After signaling that the Manhattan grand jury investigating Trump and other matters would pause during the month of April to recognize religious holidays, Manhattan District Attorney Alvin Bragg threw down the ultimate UNO reverse card when multiple sources confirmed an indictment that caught Trump world off guard. While the formal indictment and charges are under seal, it’s been reported that the indictment includes, according to CNN, federal charges and more than 30 counts related to business fraud against the former occupant of the White House. Reactions to the news did not disappoint. 

First, there was the hilarious audible on-air gasp and shock over at that far-right news network that showed just how untouchable Trump’s fans thought he was. And then there was the routine debasing from the very Republicans Trump has targeted. Former Vice President Mike Pence, whom Trump literally sent an armed mob after on Jan. 6, called the indictment outrageous and scoffed at the campaign finance violations. Trump acolyte and Florida Gov. Ron DeSantis tried to score MAGA points by refusing constitutional extradition laws, even though Trump is already negotiating his surrender with D.A. Bragg’s office. And Rep. Kevin McCarthy further defiled the office of the House speaker with a hollow threat to investigate the Manhattan D.A. After the Trump surrogates were done tweeting, then came the fundraising emails, because, of course, Republicans only see this as a fundraising exercise and another grift for their supporters who will undoubtedly feed into the mess. 

Fortuitous polling this week from NPR, PBS and Marist showed that 56% of the nation believes that the state and federal investigations into Trump’s crimes are fair, and a separate poll from Quinnipiac showed that 57% of the public believes that being charged with a crime should disqualify Trump from running for president in 2024. Naturally, Republican voters overwhelmingly reject these trends as 80% of them consider the investigations to be “witch hunts.” And therein lies the concern for how they will channel that energy since Trump has already called for “death and destruction,” and lobbed hateful, racist attacks at D.A. Bragg, who has already received a death threat inspired by Trump’s words.

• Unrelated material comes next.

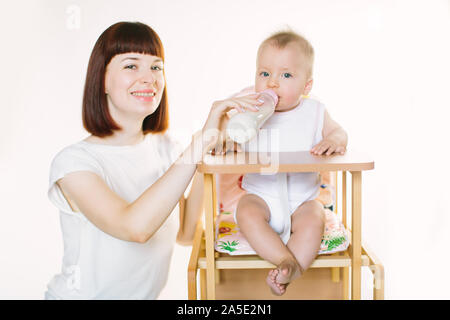 Eine junge schöne Mutter Feeds ein Baby aus einer Flasche. Das Kind sitzt auf einem Stuhl, der auf einem weißen Hintergrund. Stockfoto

What comes next is going to be a fragile examination of any lessons we’ve learned since Jan. 6, or since Nixon unceremoniously resigned from office. When Trump tries to make this perp walk “O.J. Simpson on steroids,” as his advisers have dubbed it, how will his base respond? Will they flock to New York and try to overrun law enforcement and send more threats to the D.A.? Or will it be a whimper of a showing like it was two weeks ago when Trump lied about the timing of his arrest and there were more press cameras than Trump supporters outside of the Manhattan courthouse? Will the public allow the investigation and court proceedings to run their course during the next few years — yes, years — and produce stunning evidence against Trump?

No matter how the New York arraignment and subsequent trial go down, no one can dismiss the critical fact that this indictment effectively pierces the veil of Trump, and all presidents for that matter, being held accountable for their crimes, as well as the significance of the Stormy Daniels hush-money payments yielding the first indictment. Trump’s efforts to cover up his tryst with the adult film star weeks before the 2016 election are what paved the way for him to commit all of the crimes between 2017 and 2021. You know the ones I’m talking about — stealing documents after leaving the White House, calling election officials to “find” him votes during the 2020 election, and sending an armed mob to the Capitol on Jan. 6

That original hush-money payment was the original crime, and a first step in defrauding voters and the nation when they went to the polls seven years ago. It’s essentially what got the ball rolling for Trump’s presidential crime spree. Of course, we’re all waiting with bated breath for additional indictments to come from Fulton County D.A. Fani Willis and Special Counsel Jack Smith about those serious, subsequent crimes, but hats off to this first step towards accountability in Manhattan that shows us all that ex-presidents are not above the law.

Juanita Tolliver

Juanita Tolliver is the host of Crooked Media’s “What A Day” Podcast, and an MSNBC political analyst.